Revisi jabatan fungsional menjadi "dokter hewan" akan menyelaraskan istilah ini dengan kebijakan internasional, sehingga memudahkan komunikasi dan pelaporan di tingkat global. Hal ini juga penting untuk memperkuat posisi Indonesia dalam forum internasional yang membahas isu-isu terkait kesehatan hewan, zoonosis, dan perdagangan hewan.
Kelima, Memperkuat Identitas Profesi Dokter Hewan.

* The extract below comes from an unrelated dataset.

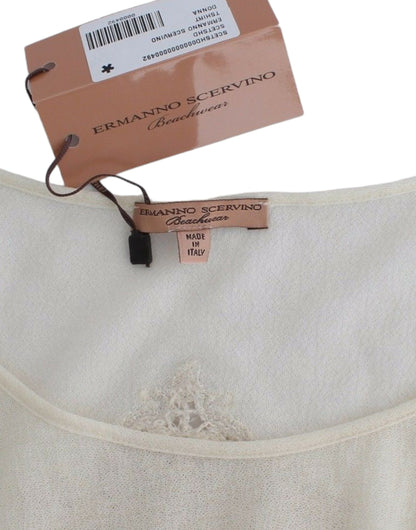 Ermanno Scervino Beachwear White T-Shirt Top Blouse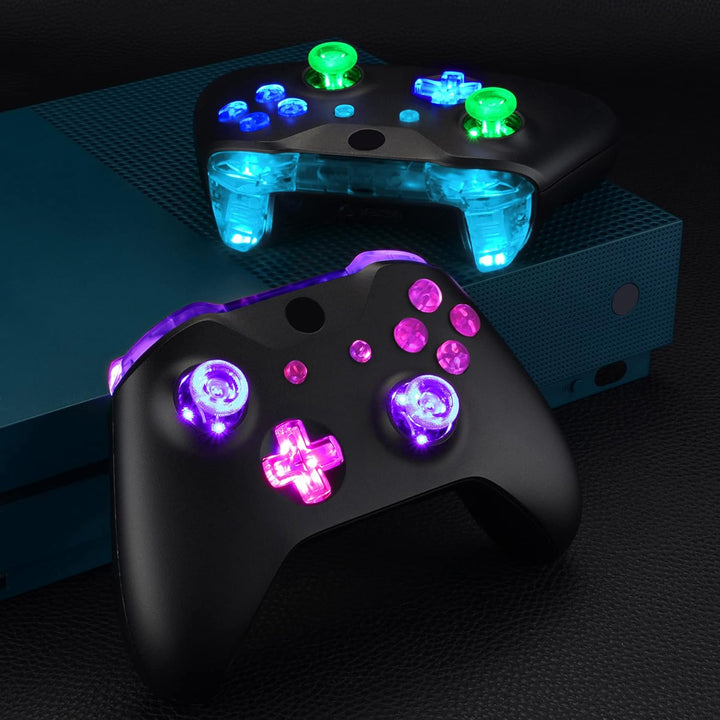 Multi-Colors Luminated Bumpers Triggers Dpad Thumbsticks Start Back ABXY Action Buttons, DTFS (DTF 2.0) LED Kit for Xbox One S & X Controller (Model 1708) - Controller NOT Included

Dokter hewan adalah profesi yang diakui secara legal di Indonesia melalui Undang-Undang No. 18 Tahun 2009 tentang Peternakan dan Kesehatan Hewan, yang diperbarui dengan Undang-Undang No. 41 Tahun 2014. Dalam undang-undang ini, istilah "dokter hewan" digunakan secara konsisten untuk menggambarkan profesional di bidang kedokteran hewan.
Revisi nomenklatur ini akan memperkuat identitas profesi dokter hewan sesuai dengan landasan hukum yang ada. Hal ini penting untuk menghindari kebingungan di kalangan masyarakat, terutama terkait legalitas dan kewenangan profesi ini dalam menangani kasus-kasus kesehatan hewan dan kesehatan masyarakat veteriner.

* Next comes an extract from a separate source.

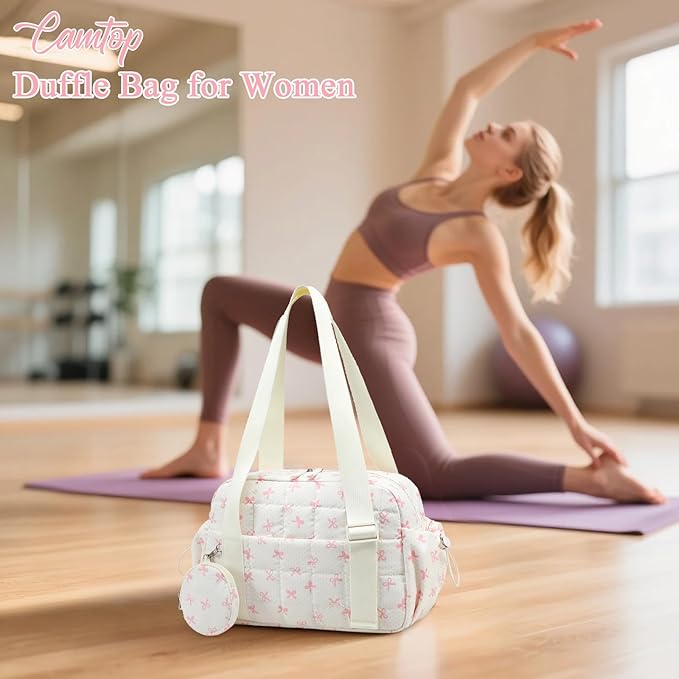 CAMTOP Mini Gym Bag for Women, Small Gym Tote Bag Puffy Quilted Sports Duffel Bag with Wet Compartment and Coin Purse Duffel Bags Dance Yoga Workout Bag for Gifts (Beige Pink Bow, Mini-12.6")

Keenam, Dampak Positif terhadap Pengembangan Karir.
Revisi ini juga berpotensi memberikan dampak positif terhadap pengembangan karir para dokter hewan. Nama jabatan yang lebih jelas dan sesuai dengan profesi akan meningkatkan kepercayaan diri dan pengakuan profesional, baik di tingkat nasional maupun internasional. Selain itu, hal ini dapat mendorong lebih banyak lulusan kedokteran hewan untuk memilih jalur karir di sektor publik, sehingga membantu memenuhi kebutuhan tenaga ahli di bidang ini.
Dengan demikian, revisi jabatan fungsional dari "medik veteriner" menjadi "dokter hewan" bukan hanya soal perubahan nomenklatur semata, tetapi juga menyangkut efisiensi, relevansi, dan penguatan identitas profesi. Perubahan ini akan meningkatkan pemahaman masyarakat terhadap profesi dokter hewan, menyederhanakan administrasi birokrasi, serta menyesuaikan dengan standar internasional.
Sebagai profesi yang memiliki peran strategis dalam kesehatan hewan, kesehatan masyarakat, dan ketahanan pangan, dokter hewan perlu mendapatkan pengakuan yang layak melalui nomenklatur jabatan yang mencerminkan kontribusinya secara utuh. Revisi ini diharapkan dapat menjadi langkah awal dalam memperkuat sistem pelayanan publik dan mendukung pembangunan berkelanjutan di Indonesia. Semoga!